= WORK TASK =
Exclude every picture and return the remaining entries below verbatim.

##########

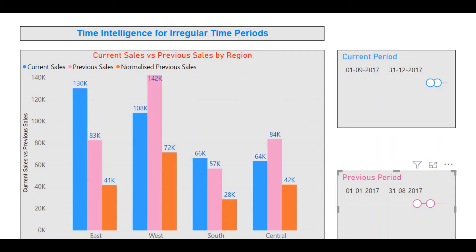Welcome to yet another Power BI tutorial from MIP Consulting. The objective of this tutorial is to familiarize viewers with the methods to carry out computations relating to irregular time periods in Power BI.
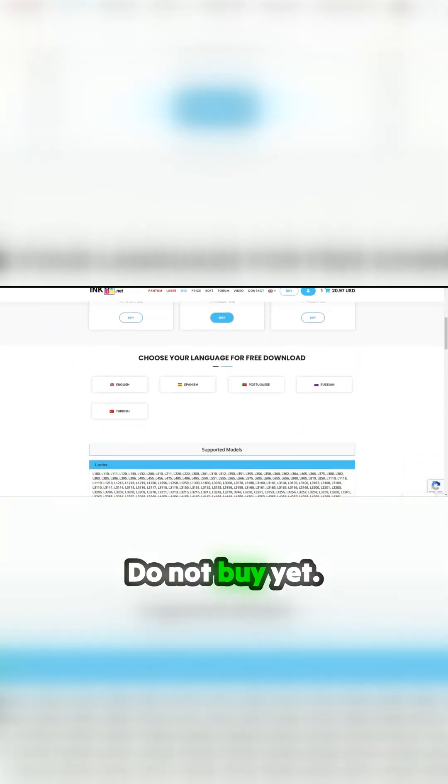Do not buy yet. We want to confirm that this software is compatible with our system.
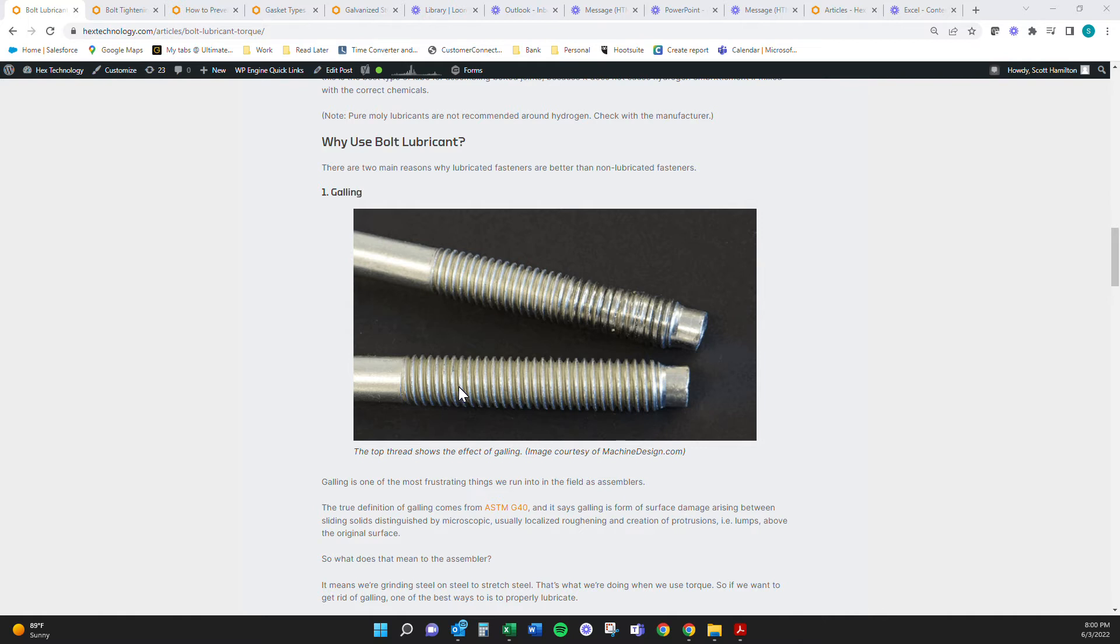The biggest reason is if you've ever noticed, you never get galling on three quarter inch studs, but you always get them galled up on three, three inch studs, right? Why? How well do they lubricate the three inch studs? It takes a lot of lubricant to get that done.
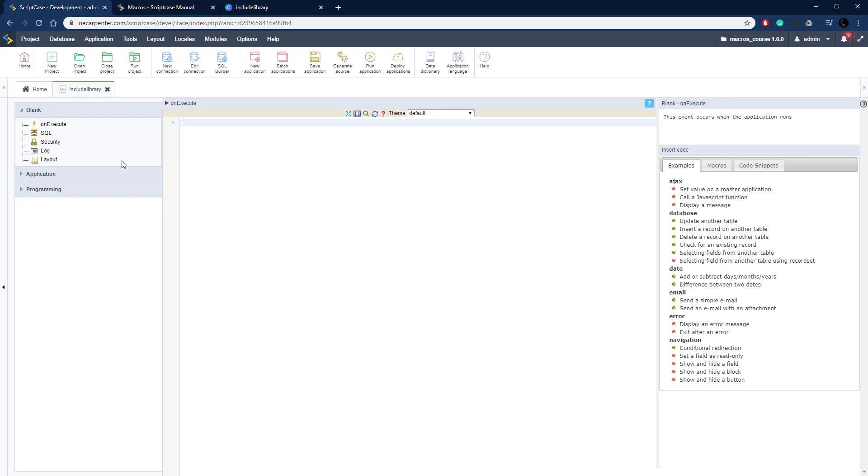I have a blank application here. This could be a grid, but we're going to do it in a blank and this way we can create a custom PDF.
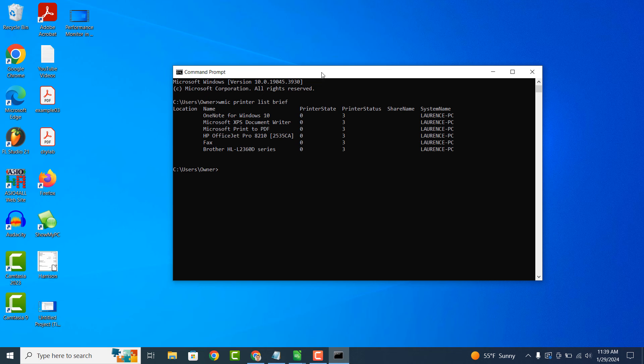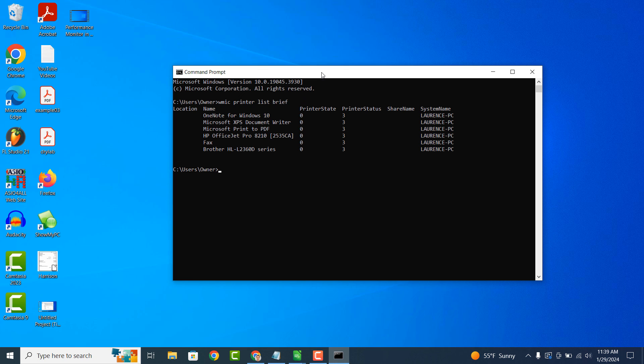And it's as easy as that. Obtaining a list of all installed printers on your computer is a simple task to perform.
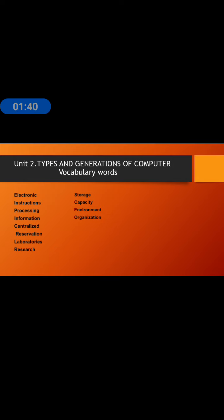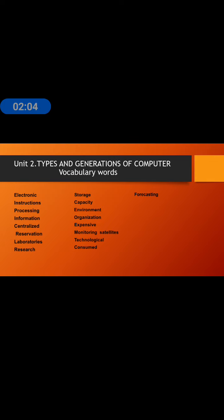Organization, expensive, monitoring, satellites, technological, consumed, forecasting, design, microprocessor.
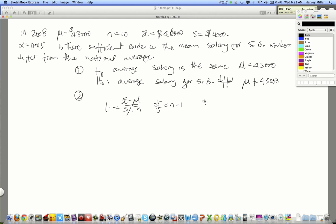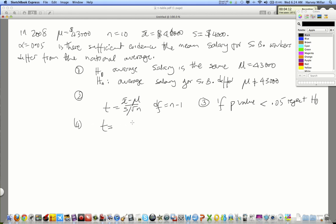Step three: we're going to use the p-value rule. If the p-value is less than 5%, reject H0, because we've already set alpha to 5%. Step four is to calculate the p-value. We've already done this calculation: t = (48,000 - 43,000) / (4,000 / √10), which gives us 3.16.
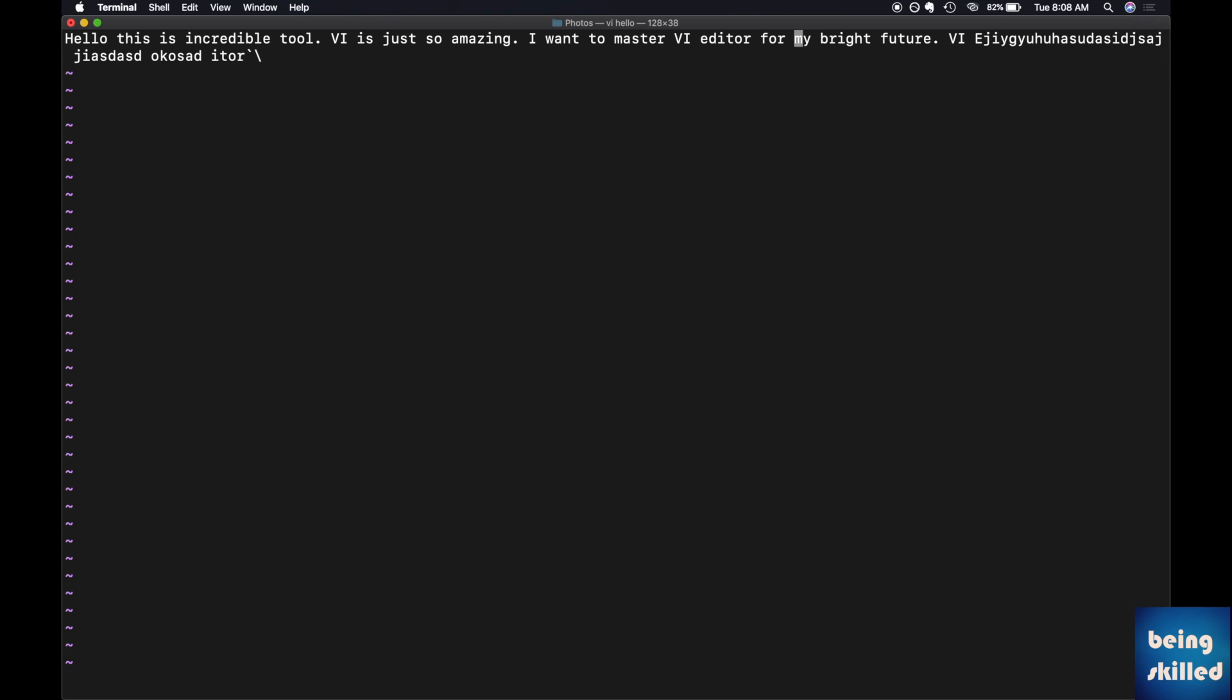Second is 'b' that goes backward to the beginning of the word, and there is 'e' which goes to the end of the word.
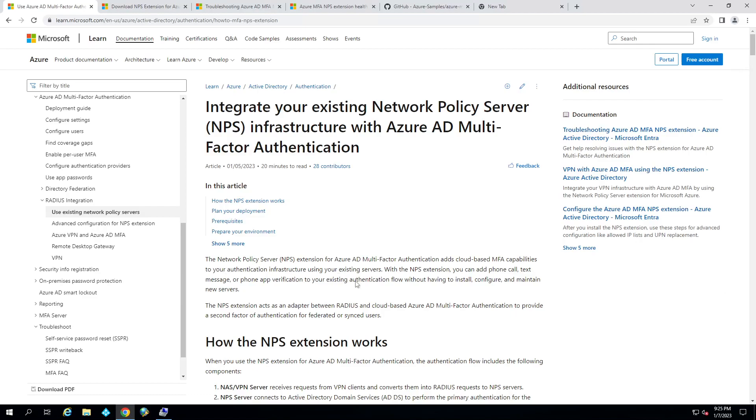Hey, I'm Matt McKenzie, and today I'm going to go over setting up Azure MFA for an NPS server.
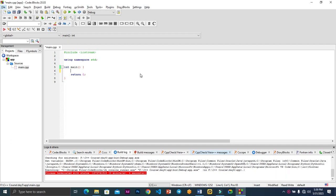Welcome back to this lesson on C++. In today's lesson we're going to talk about control flow statements. Under control flow, we're going to talk about the if statement.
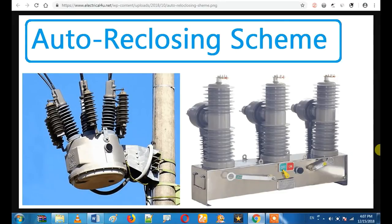Hi friends! We are going to talk about this video — what is the main thing about auto-reclosing scheme, and what is the main thing about railway? We will talk about the details. Please don't forget to subscribe to our channel; we will bring technical videos for you.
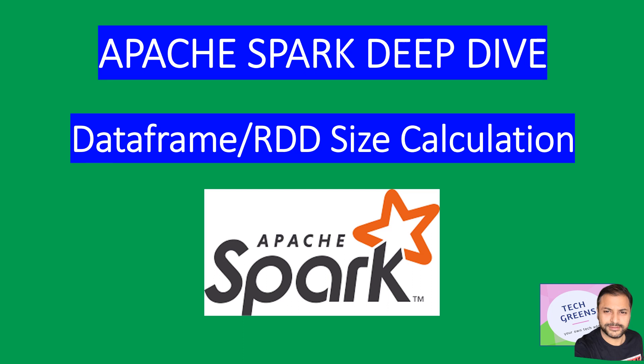Hello friends, welcome back to Tech with Veeresh. In continuation to our series on Apache Spark Deep Dive, today we'll take a quick and very important topic because whenever you try to do some kind of performance troubleshooting or writing core Spark APIs...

##########

= RESULT OF THE TASK =
Welcome to yet another Power BI tutorial from MIP Consulting. The objective of this tutorial is to familiarize viewers with the methods to carry out computations relating to irregular time periods in Power BI.
Do not buy yet. We want to confirm that this software is compatible with our system.
The biggest reason is if you've ever noticed, you never get galling on three quarter inch studs, but you always get them galled up on three, three inch studs, right? Why? How well do they lubricate the three inch studs? It takes a lot of lubricant to get that done.
I have a blank application here. This could be a grid, but we're going to do it in a blank and this way we can create a custom PDF.
And it's as easy as that. Obtaining a list of all installed printers on your computer is a simple task to perform.
Organization, expensive, monitoring, satellites, technological, consumed, forecasting, design, microprocessor.
Step three: we're going to use the p-value rule. If the p-value is less than 5%, reject H0, because we've already set alpha to 5%. Step four is to calculate the p-value. We've already done this calculation: t = (48,000 - 43,000) / (4,000 / √10), which gives us 3.16.
Second is 'b' that goes backward to the beginning of the word, and there is 'e' which goes to the end of the word.
Hey, I'm Matt McKenzie, and today I'm going to go over setting up Azure MFA for an NPS server.
Welcome back to this lesson on C++. In today's lesson we're going to talk about control flow statements. Under control flow, we're going to talk about the if statement.
Hi friends! We are going to talk about this video — what is the main thing about auto-reclosing scheme, and what is the main thing about railway? We will talk about the details. Please don't forget to subscribe to our channel; we will bring technical videos for you.
Hello friends, welcome back to Tech with Veeresh. In continuation to our series on Apache Spark Deep Dive, today we'll take a quick and very important topic because whenever you try to do some kind of performance troubleshooting or writing core Spark APIs...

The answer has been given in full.